▶ Directions: Set out exactly every line of the entries below, starting at the line that holds "Adore Him Poinsettia" and stopping after the line that holds "Shoes Compatible with".

▶ Provided records:
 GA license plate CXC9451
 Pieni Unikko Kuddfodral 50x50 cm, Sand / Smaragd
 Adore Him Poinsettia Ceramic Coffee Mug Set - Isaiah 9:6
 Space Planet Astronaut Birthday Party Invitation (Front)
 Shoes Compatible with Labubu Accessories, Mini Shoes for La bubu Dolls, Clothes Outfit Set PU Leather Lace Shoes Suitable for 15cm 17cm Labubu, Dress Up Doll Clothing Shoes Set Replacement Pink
...
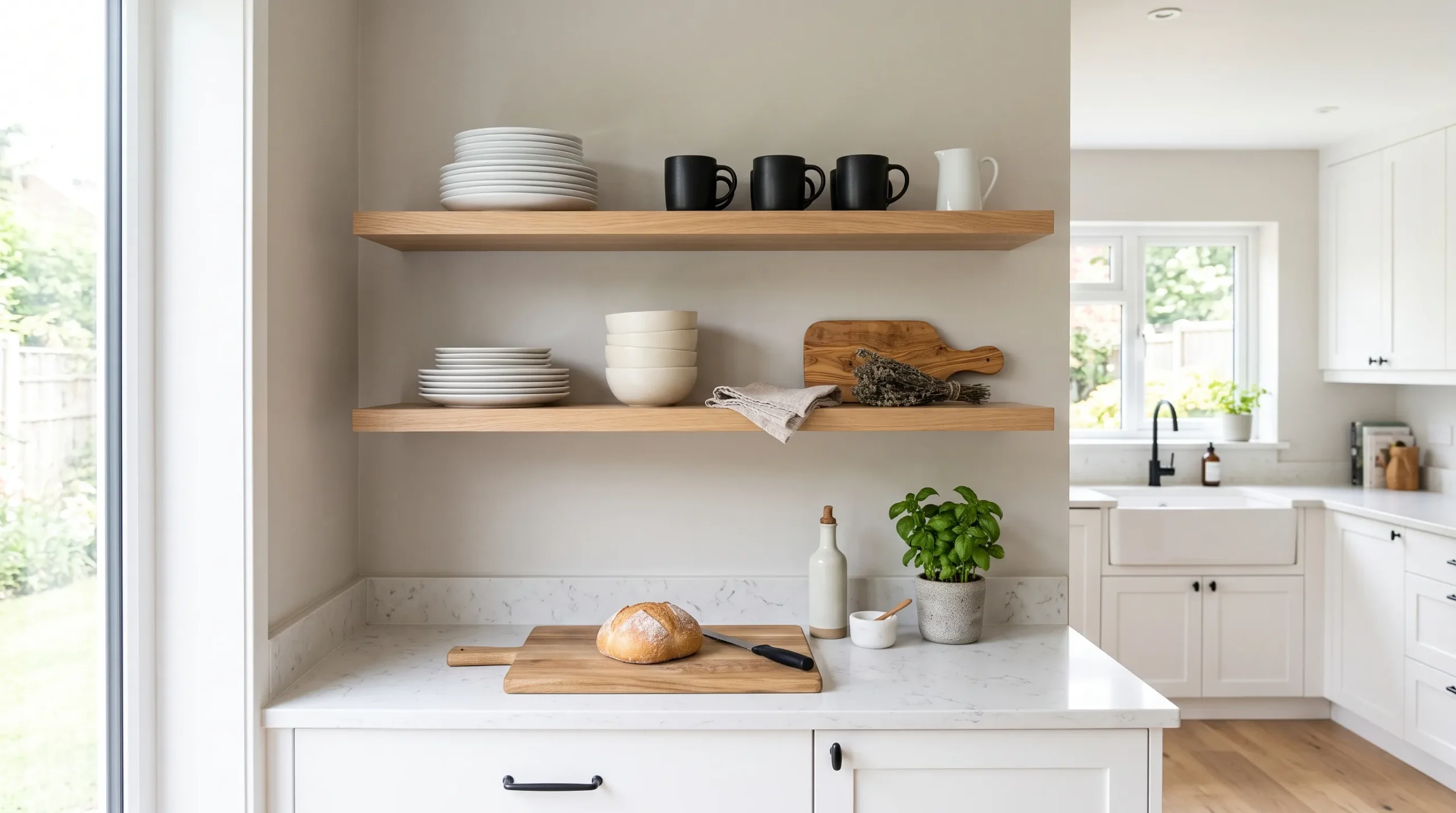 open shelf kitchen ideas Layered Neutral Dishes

▶ Task response:
 Adore Him Poinsettia Ceramic Coffee Mug Set - Isaiah 9:6
 Space Planet Astronaut Birthday Party Invitation (Front)
 Shoes Compatible with Labubu Accessories, Mini Shoes for La bubu Dolls, Clothes Outfit Set PU Leather Lace Shoes Suitable for 15cm 17cm Labubu, Dress Up Doll Clothing Shoes Set Replacement Pink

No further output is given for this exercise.